━━━ The data
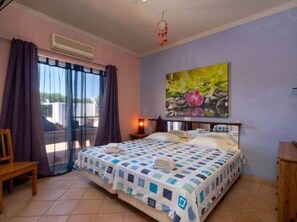 6 bedrooms, in-room safe, desk, iron/ironing board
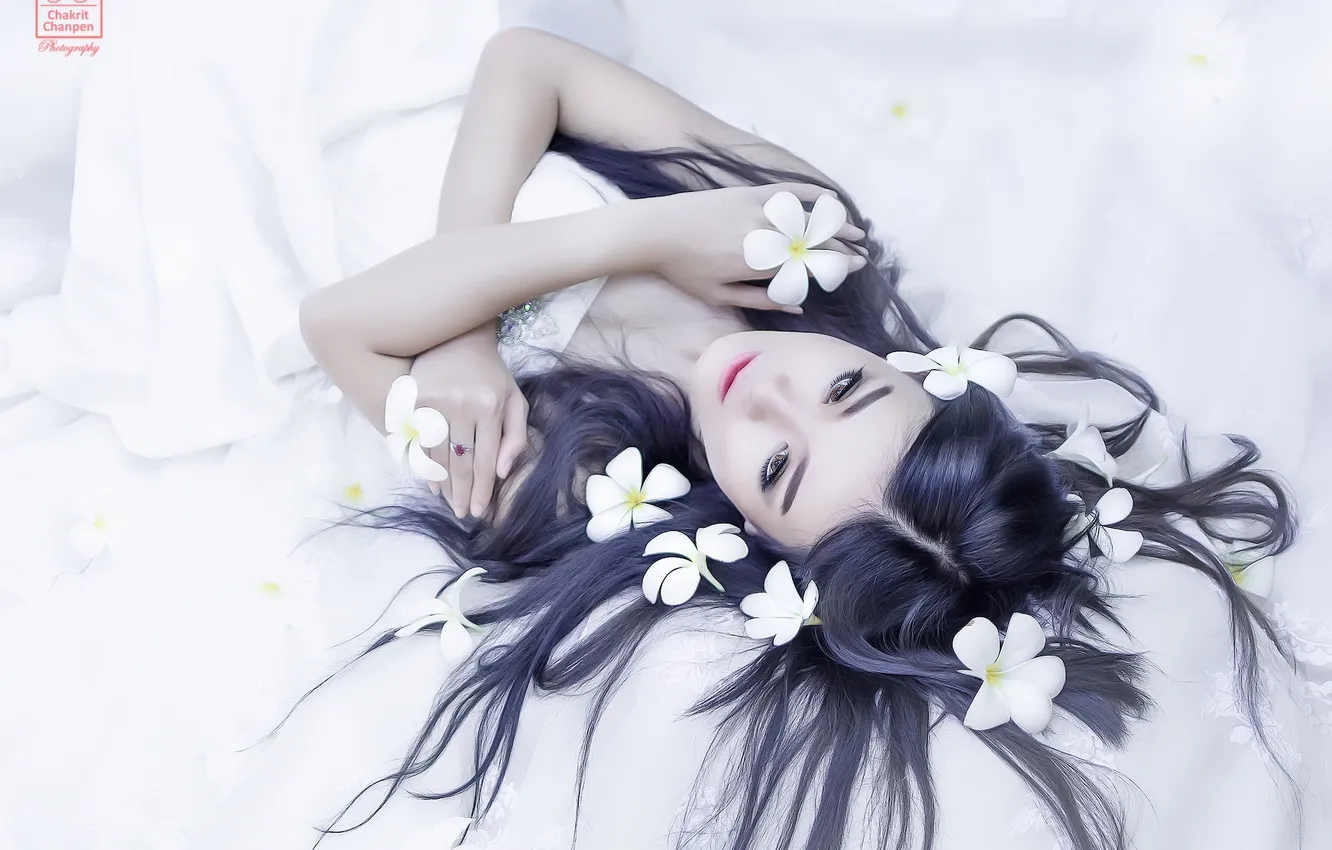 Photo wallpaper flowers, hair, dress, Asian, plumeria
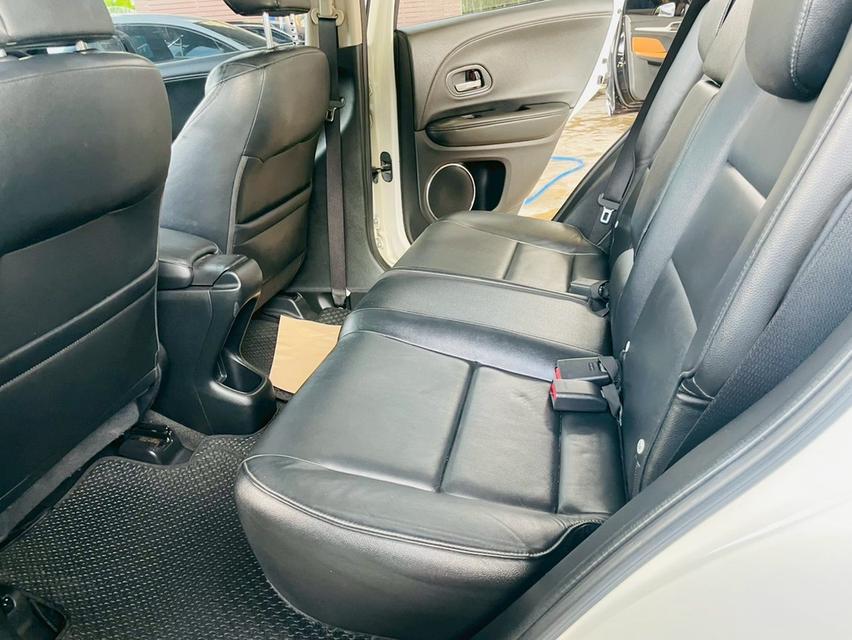 HONDA HRV 1.8 EL SUNROOF ปี 16. 8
━━━━━━
## What you need to do:
Reproduce all the data as it stands. The pictures are not part of the copy.

## Expected answer:
 6 bedrooms, in-room safe, desk, iron/ironing board
 Photo wallpaper flowers, hair, dress, Asian, plumeria
 HONDA HRV 1.8 EL SUNROOF ปี 16. 8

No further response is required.